Now that he has heard from a variety of taxpayers including the business community and his own party, he is back on track with his original intent — taxing the rich. Last week he spoke to the Minnesota Chamber of Commerce luncheon in St. Paul. In his comments to the 650 members, the Governor stated that he was still going to tax the top earners. “We need the revenue,” “I don’t know how else to get it,” “I believe in it,” “I believe its right,” and “I believe its fair,” he said.
These quotes are illustrative as they indicate how the Governor and his party think. Clearly they are no friend of the “free market” and “supply side” economics. Rather they insist on “class warfare” in order to endear their supporters.
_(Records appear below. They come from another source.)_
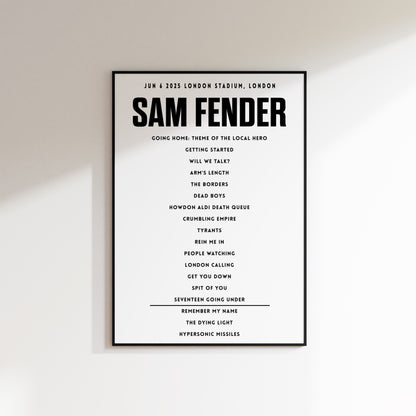 Sam Fender Setlist - Jun 6th 2025, London Stadium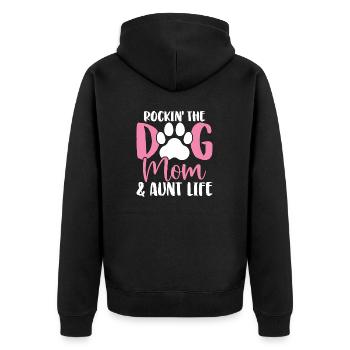 Rockin Le Chien Maman Et Tante Vie Drôles Chiens - Veste à capuche bio Premium Unisexe - noir - Dos - Nico (187cm)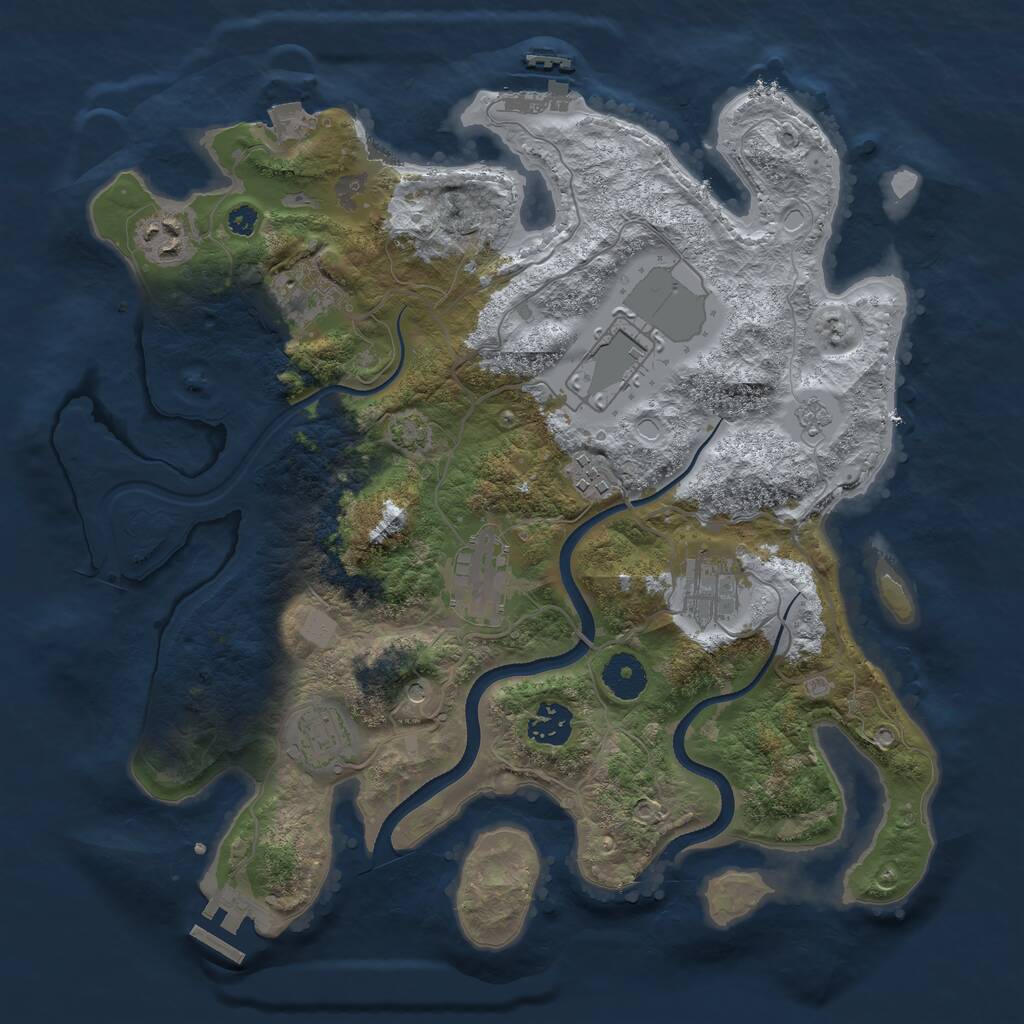 Rust Map: Procedural Map, Size: 3500, Seed: 366094408, 14 Monuments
His 2 percent tax increase, (7.85 to 9.85 percent) on the top earners is estimated to bring in an additional $1.1 billion in revenue. However that assumes all else remains static. A mistake in our lackluster economy?
The Governor was surprisingly hostile to the Chamber attendees. He criticized them for not supporting his original plan for increases in a variety of sales taxes. Conducting his own personal “conclave,” he chose Minnesota as the best place to grow a business and raise a family — not only in the nation but the world! I’m told there was a little white smoke coming from his podium!
Now for those pesky facts. According to the Tax Foundation, for fiscal 2013, Minnesota’s state business tax climate rank is 45th with our state income tax ranked at 44. Our corporate income tax of 9.8 percent makes us 12th highest. Tax Feedom Day in Minnesota was the 8th longest in 2012 ending on April 23. So much for white smoke!
The Governor also said, “Just saying no to tax increases is not a budget plan and it’s not responsible.” Well evidently continually saying “yes” to spending increases is? His proposal is for a 7 percent increase in spending to $37.9 billion. Let’s not forget the cost of the new Minnesota Health Exchange and the federal side of spending including Obamacare.
Any objective review of “supply side” economics will show that private sector investment is encouraged by lower tax rates. Historically this has resulted in more revenue to the government. How is that possible you say? Businesses and people are willing to put their money to work investing in economic expansion which create more jobs. You might say, “investment is on sale” when you lower the rate and expand the base, you create more tax revenue. The Democrats categorically reject this idea.
By the close of this session (May 20), we will see how far Minnesota Democrats were willing to push their agenda. They have critical decisions to make between now and the 2014 midterm elections. We will be watching.